While she is pondering this, the thug is moaning over his broken nose because it hurts like hell. However when Draco tells him to get out of there he doesn't hesitate in scrambling to his feet and running like hell wondering for perhaps the first time if he perhaps should have listened to his mum and worked for his uncle the carter.
Had it been one of Hermione's friends running this show (Harry, Ron, Ginny), the next step would have been to go rushing into the closet and rescuing Hermione, thereby leaving themselves open to possible attack by any bad guys that might have doubled back. Draco is a great deal more paranoid and thorough, and his next move is to ward the space, then poke around in what belongings the thugs have left until he locates her wand. Only then does he open the door to the storage closet the arrow points him at, his expression closed and remote as he summons a light for the space.
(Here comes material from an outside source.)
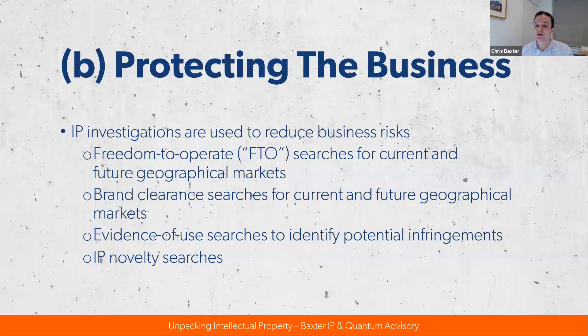IP can also be used to protect the business beyond just filings through various searches and investigations. Continuing the Tiger kayak analogy — say we've been selling our trailer in Australia and now want to launch in the States. We haven't heard anything from competitors around infringement of their IP in Australia, but the USA is a much bigger market. We want to be sure that by launching our new trailer design with its new securing mechanism, we're not going to infringe anyone's patent over in the States. That's what a freedom to operate search helps clarify, on a jurisdiction-by-jurisdiction basis, whether there'll be problems with any third-party IP before you launch your product in another country.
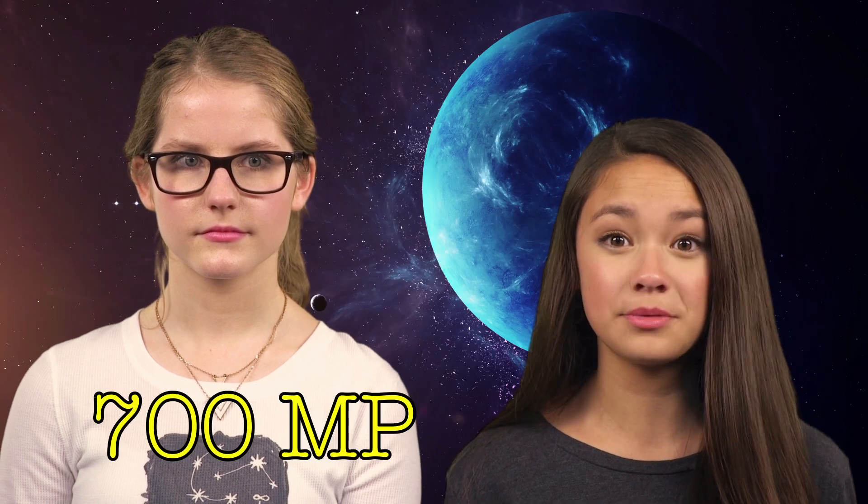We all know that water was recently found on Mars. But did you know that Neptune has 700 mile per hour winds? So if you ever visit Neptune, pack a comb.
The light seems blinding to the girl after so many hours in darkness, and she flinches, shifting her head down a little and trying to see past the light. She can't tell who it is any more than she could see the face of the boss earlier. Her expression still holds defiance, but had it been the boss he would have been happy to see the underlying nerves that she can't quite hide any more and the way the girl trembles. Time in the dark without food or water, he would attest, make an excellent start to wearing down the will to resist questioning. It takes time for her eyes to adjust, but when they finally do and she sees that it is Draco standing there it is equal parts relief and mortification that flood through her causing her cheeks to flush against her current pallor.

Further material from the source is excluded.